Believe in the dream… Beware the danger
Marie-Nicole Ryan

Lured to the canal on her dad’s yarn
of Alaska and how he’d tickled fish

from icy rivers. And though this is only Bootle,
Liverpool, and rats wicker in the reeds,

a mallard rasps and a condom eels by
on the current, she thinks herself Inuit

in this northern wind that shivers the water
as a magnet will skitter iron shavings.

So she dips her small hands, motions
as if beckoning and waits for the trout.

But there are no trout. Instead, in the sunk
smoke of algae, sticklebacks scatter

like a shoal of razors. Under the drowned
hull of a bathtub, a pike as long as her arm

slys its snout upwards. The rusty ring
of its gullet ready to slip on a finger.

 

Brood
… and in their glance was permanence
John Berger

At sixteen, I did a day’s work
on an egg farm.
A tin shed the size of a hanger.

Inside its oven dark
two thousand stacked cages,
engines of clatter and squawk.

My job, to pass a torch
through the bars for the dead hens
and pack them tight into a bin bag.

All the time my mind chanting:
there’s only one hen. Just one
ruined hen repeated over and over.

In this way I soothed the sight
of all that caged battery,
their feathers stripped to stems,

their patches of scrotum skin,
their bodies held
in the dead hands of their wings.

But what kept me awake
that hot night in my box room,
as I listened to the brook outside

chew on its stones and the fox’s
human scream, was how
those thousand-thousand birds

had watched me. And really
it was me repeated over and over,
set in the amber of their eyes.

Me, the frightened boy in jeans
stiff with chicken shit, carrying
a bin bag full of small movement.

A foot that opened. An eyelid
that unshelled its blind nut.
A beak mouthing a word.


Camping on Arran, 1992

Dad, you had shared with me your sleeping bag.
And we lay like hands held in one pocket.
When the dark flickered and a pause before

thunder; a sound like the sky waking.
And waking with it, I trembled, trapped,
a boy in a storm, in this tight space

ripe with your sleeping man’s body.
But when the canvas flared again
white with a hem of shadow grass,

you were awake and counting
down the seconds to thunder.
And I, listening, was struck still.

As each count became less
-the storm brighter, louder-
I could feel a closeness

like breath in the air.
And I fell asleep
as rain would fall; soft,

then in a rush.
You counting us
into the eye.


From ‘Spitting Distance’

Featured poet, Uncategorized

Featured poet- Emily Blewitt

I’ve often written here about the opportunities poetry readings and festivals afford for meeting people and making new friends. This year I arrived for my one-day visit to the Aldeburgh Festival and soon bumped into my friends Maria Taylor and Kim Moore. Also in this company of poets were Holly Hopkins and the very smiley Emily Blewitt.

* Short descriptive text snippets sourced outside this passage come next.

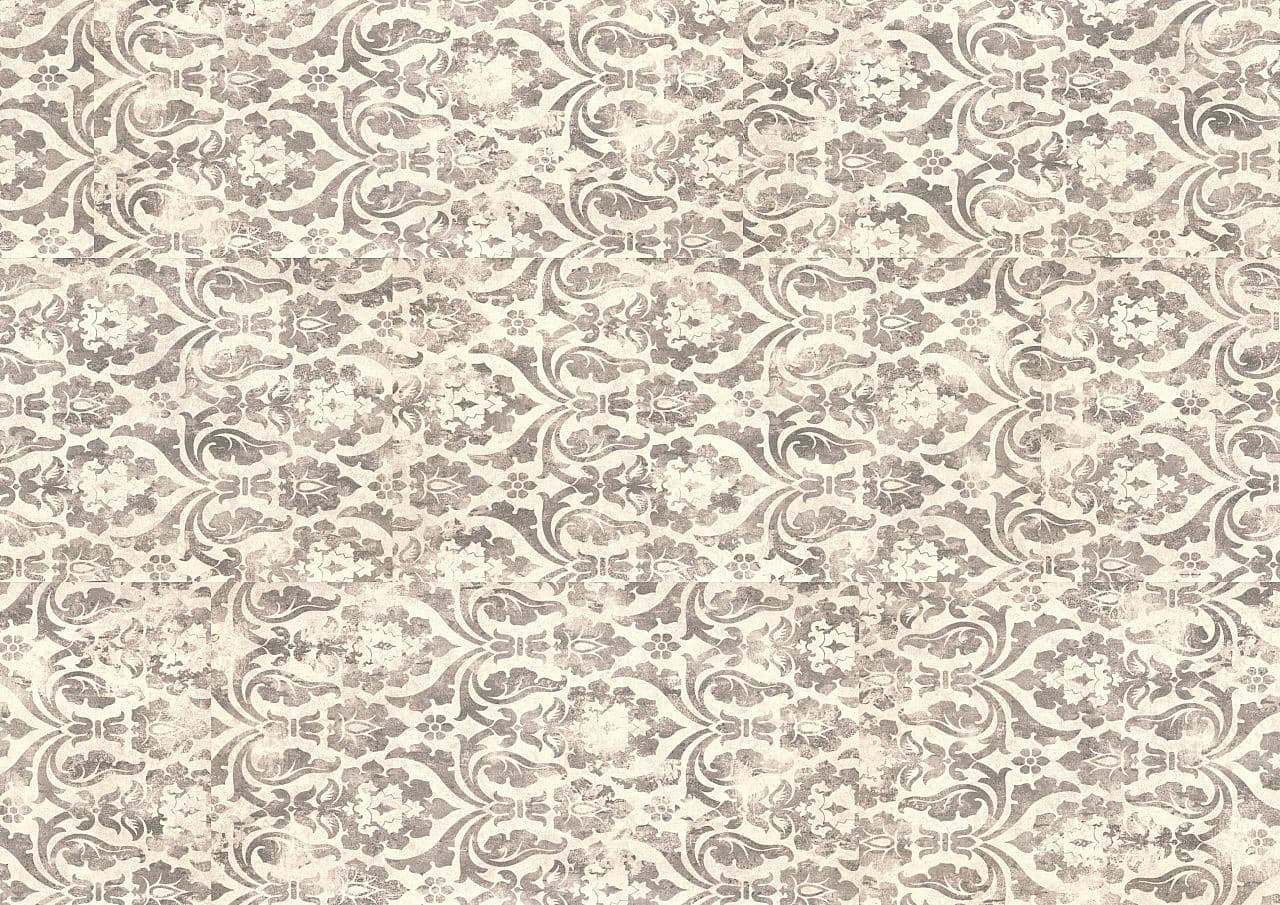 WINEO 1500 fusion XL Flowers warm light PL143C 1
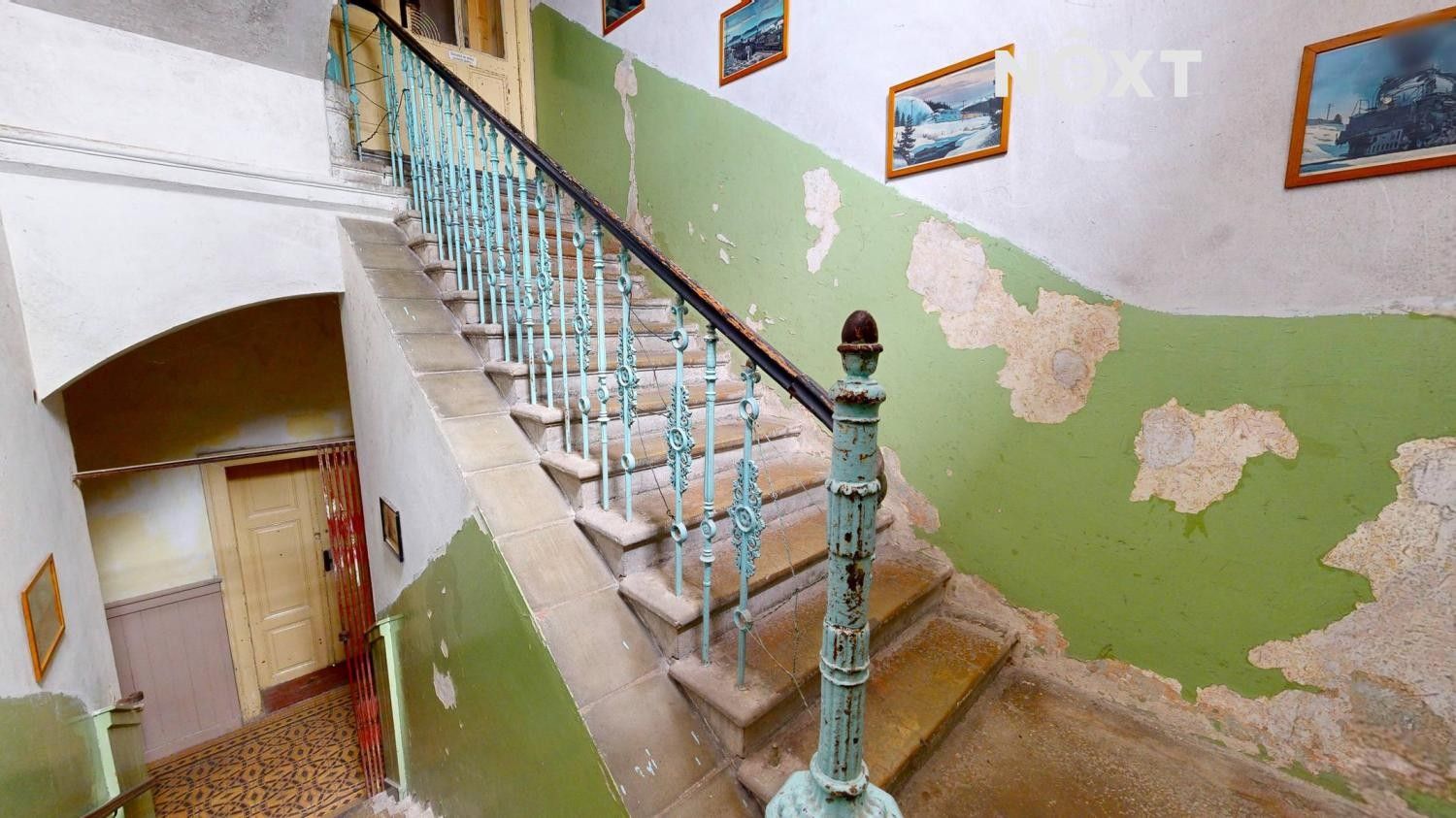 Prodej nemovitosti 1784 m² - foto 15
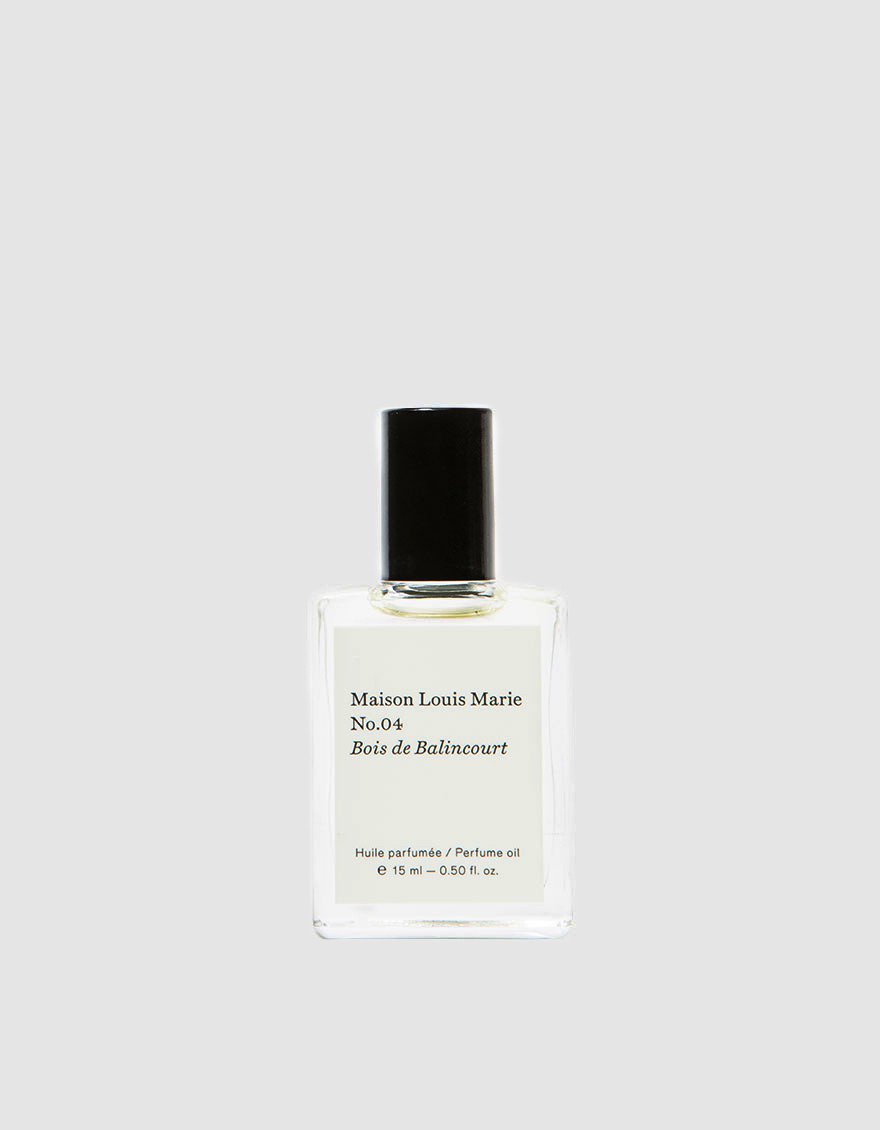 5 Dupes That Smell Just as Good as Le Labo's Santal 33 | STYLECASTER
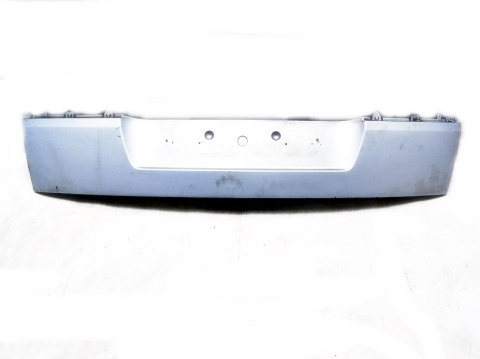 LISTWA KLAPY BAGAZNIKA RENAULT ESPACE IV 4 LISTWA KLAPY BAGAZNIKA RENAULT ESPACE IV 4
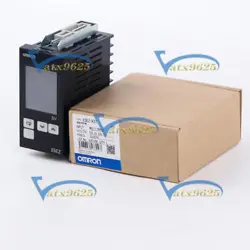1PC OMRON E5EZ-R3T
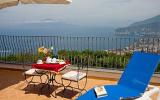 Villa Sorrento Campania Radio: Villa Carolina, Self Catering Villa In ...
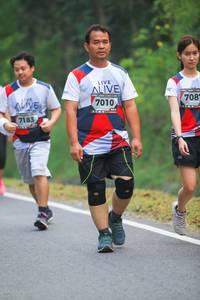 BIB: 7010, 708, 7183
                            <button type="button" onclick="openModal(6368408)" class="btn btn-primary btn-sm float-right btn-popup" data-toggle="modal" data-target=".modal-high-quality">
                        <i class="fas fa-shopping-cart"></i> Add to Cart
                    </button>
                                            <button type="button" onclick="isThisMe(6368408, true)" class="btn btn-success btn-sm float-right btn-popup btn-isme hidden" data-toggle="tooltip" data-placement="bottom" title="นี่คือรูปของคุณใช่ไหม คลิกที่นี่เพื่อเอาเข้าอัลบั้ม">
                        <i class="fas fa-plus"></i> Add to album
                    </button>
                    <button type="button" onclick="isThisMe(6368408, false)" class="btn btn-warning btn-sm float-right btn-popup btn-isnotme hidden">
                        <i class="fas fa-ban"></i> Remove from album
                    </button>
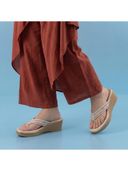 Beige color option, Sold out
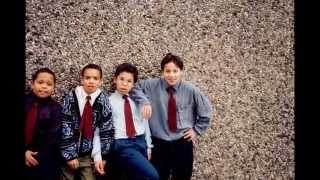 Nativity Prep Alumni Association Slide Show
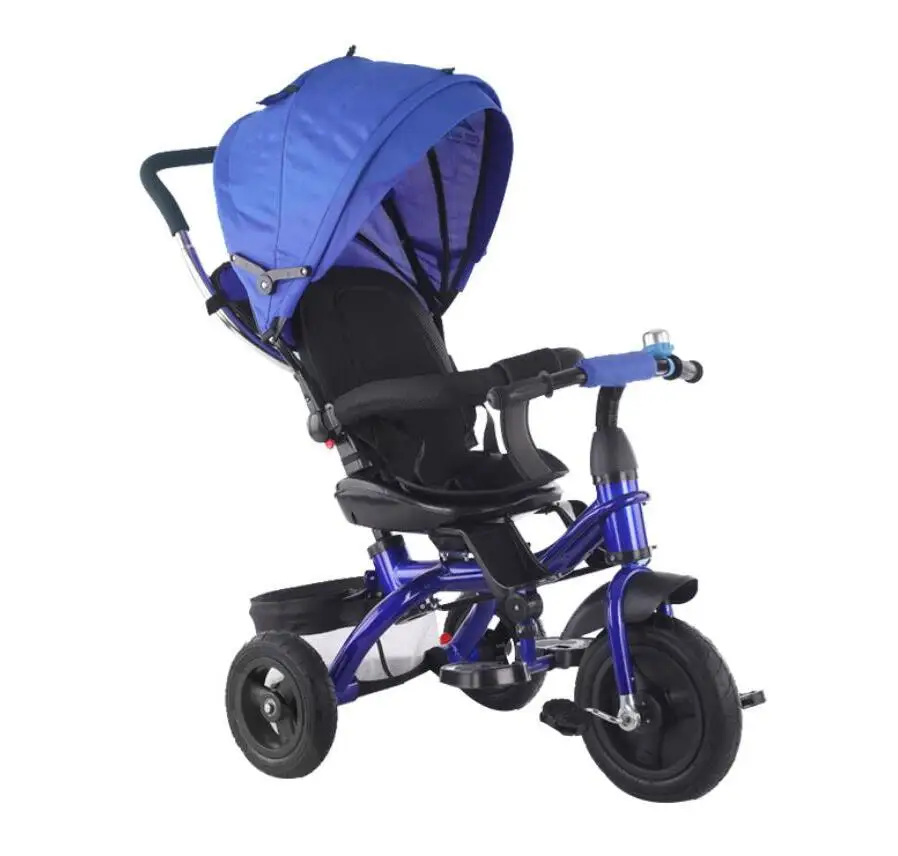 New arrival latest design popular product baby tricycle/Fashion modern baby tricycle bike kid
New arrival latest design popular product baby tricycle/Fashion modern baby tricycle bike kid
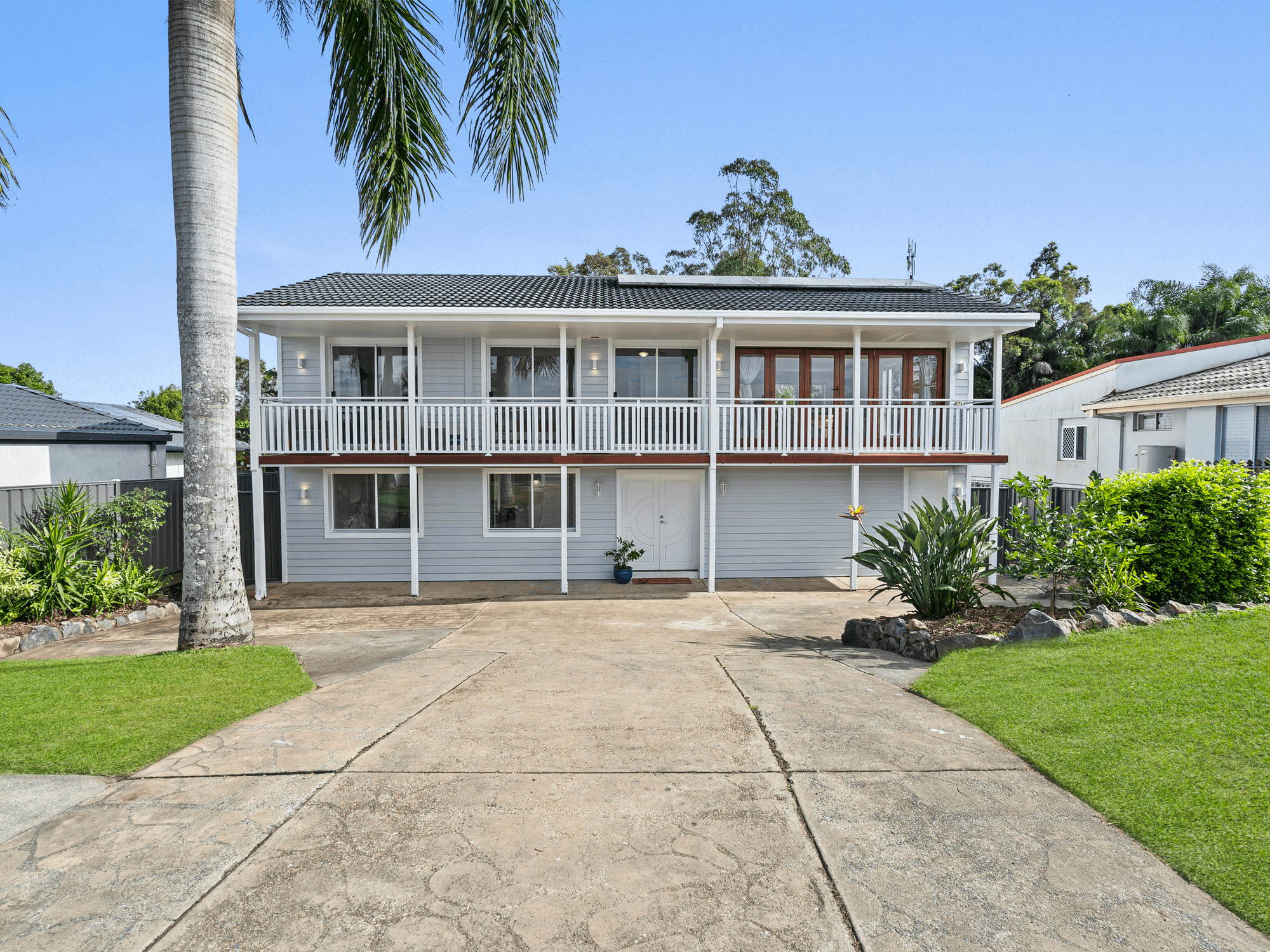 93 Highfield Drive, Merrimac, QLD 4226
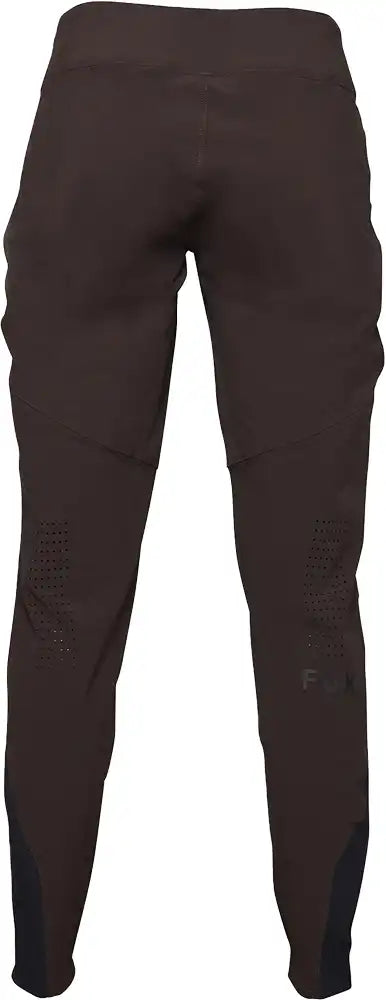 Fox Flexair Mens MTB Pants - ABC Bikes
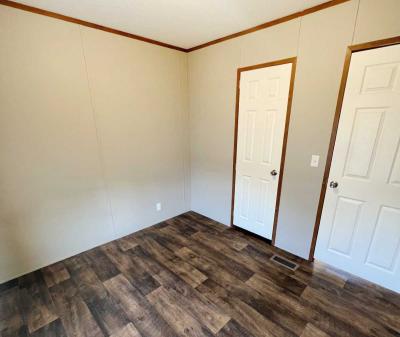 Photo 5 of 8 of home located at 2500 Farm Bureau Rd Lot 131 Manhattan, KS 66502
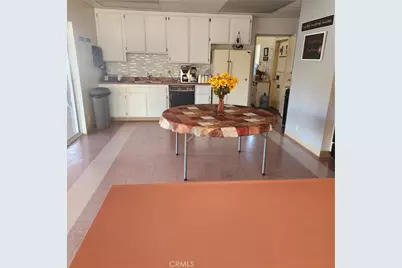 20843 Waalew Rd #C136, Apple Valley, CA 92307 - Photo 27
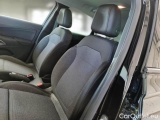  Opel  Crossland OPEL  / 2020 / 5P / CROSSOVER 1.5 DIESEL 110CV ELEGANCE SeS MT6 #11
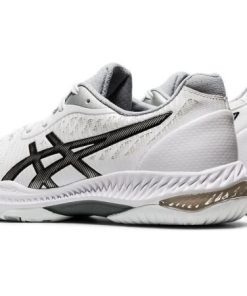 Newbrie.shop7dd6c9a22e 2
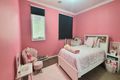 Property photo of 30 Waterlily Drive Epping VIC 3076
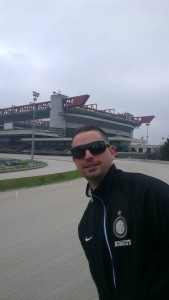 IMAG1998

It has been my great pleasure to feature several guest poets on this site over the past couple of years, all of them in their twenties.  I read a couple of Emily’s poems on-line and liked them, and I wondered if she would be interested in sharing some of her work, so I contacted her after the festival.  I’m delighted that Emily responded with the following poems and a short piece I had requested in which she talks a little about herself and her influences.

Ladies and gentlemen, Emily Blewitt.

2014 was a big year for me.  It was a year of firsts: my first poetry residential course (with Kim Moore and Jennifer Copley at Grange-Over-Sands), my first poetry festival (Aldeburgh), my first transatlantic flight (to New York, on holiday) and my first blog post.  I started kickboxing fitness classes at my local gym and wrote a poem about it, which got me in Poetry Wales.  I wrote some poems about recovering from depression and by so doing recovered my voice, which had been lost for a little while amid experiencing the same depression.  I became bolder, irreverent, sexier and louder.  Off the page, I began reading at open mic nights and was invited to be a guest poet at Cardiff’s ‘Made in Roath’ festival.  I got engaged; I embarrassed my fiancé at open mic nights by pointing him out after I’d read a poem about him.  Past his blushes, he didn’t really mind.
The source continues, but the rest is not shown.